物理量に対して、その誤差が0.1%程度であれば無視できるという場合があります。その一方で、ローレンツアトラクタのように、小さな誤差であっても無視してしまうと全く違う解になるようなものがあります。前者のように扱っていい問題と、後者のように扱うべき問題には明確な違いがありますが、そこで絶対に後者のように扱うべきなのが、人間に関する問題です。
我々一人ひとりは、地球上に全人口に対して考えれば、0.000001%にもなりません。であれば、それを無視しても良いのか、と。仮にその増減を無視しても良いと仮定すると、とんでもない結論が導かれます。「1人ぐらいの増減は無視しても良い」ということから、人を殺しても問題がない、という極論に至ります。
あくまでも極論です。しかしながら、「そんなモノはただ一人だから」と無視するだけの、二律背反的な多数決には問題が出てくる、という風に思います。多数決の原理などといいますが、要は少数派の意見が取られないということ、そしてその少数派の意見は「無視」されるのです。

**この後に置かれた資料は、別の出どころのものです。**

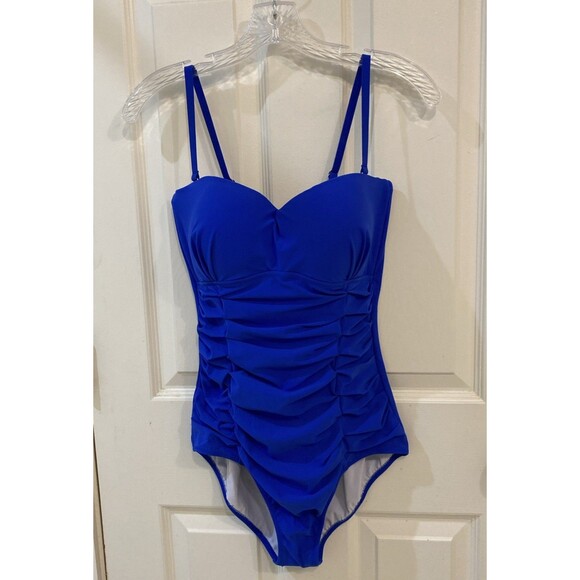 PROFILE BY GOTTEX  Women's One piece Royal Blue Ruched Bathing Suit Size 12 - Picture 1 of 5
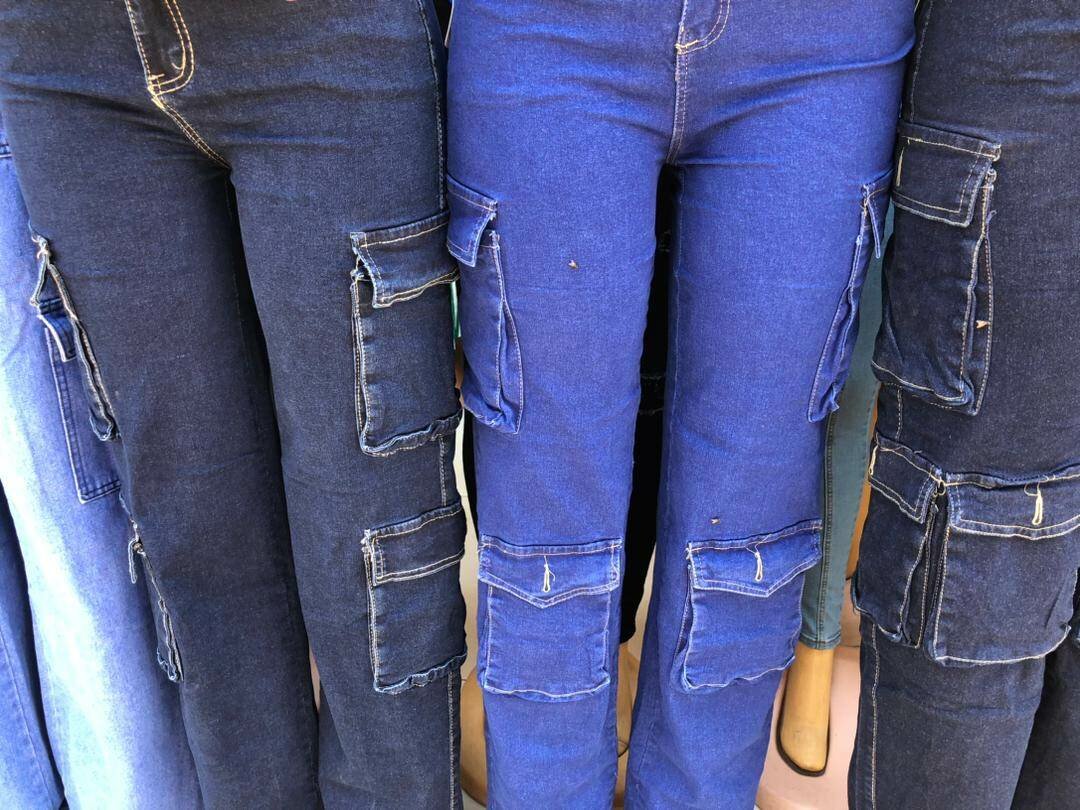 Cargo jean pants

少数派意見の怖いところは、人間の認識上、少数とみなされない人数であっても、多数決の原理の前では同じということです。過半数決定、というのであれば、99%が賛成で残り1%が反対であろうが、51%賛成で残り49%反対であろうが、結論は同じなのです。

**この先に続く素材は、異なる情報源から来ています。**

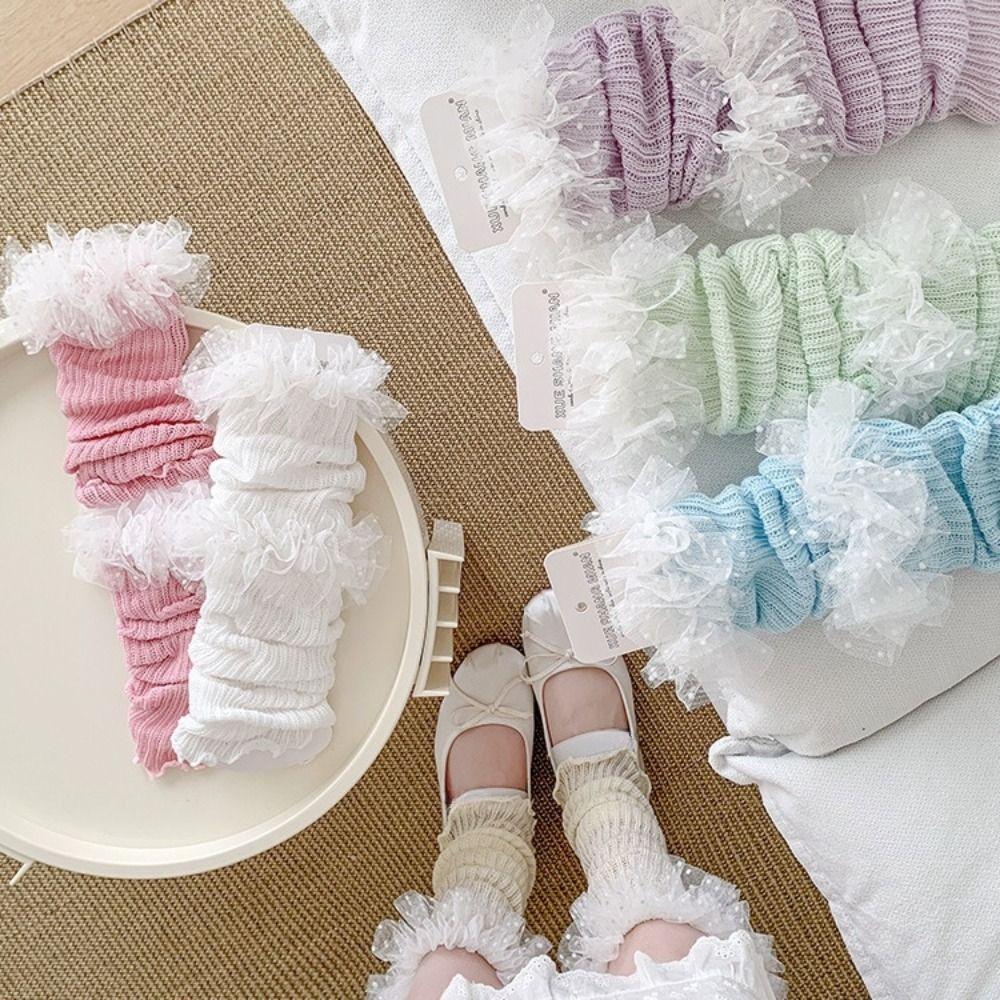 Ballet Style Sweet Leg Warmer Cotton Open Toe Socks Comfortable Knee High Ruffle Socks  Women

量が少ないから無視をする。これは物理過程などで、理論上必要な場合には行わなければ議論が進展しません。しかし、そこには十分な考察が必要である、というのが人口の例から言えます。
その怖さを忘れて「無視して・・・」とあっさり書いているうちに、人間を無視するということを覚えてしまうのは怖いことです。そのことを理解した上で「無視する」ことを勉強しなければならないと思いますし、いつ、どこで無視して良いのか、そのことを真剣に考えるべきだと思います。
少数といえば、昔、1/100は皆たいしたことがないと感じるが、10000/1000000は結構な人数である、と感じる、という話を聞いたことがあります。どちらも約分すれば同じ値なのですが、この「人数の差」は、1人であれば無視してよく、同じ割合でも母体が大きくなれば無視してはならない、ということを意味しているように思います。単に母体の大きさだけで無視すべきかどうかを、人間が知らず知らずのうちに持っている、その恐ろしさを痛感しました。
村八分は非常に怖い刑だったといいます。その根底は「無視」にあります。我々人間は、無視するということの怖さを考えて、それを常に意識して、その上で無視せねばならないと感じました。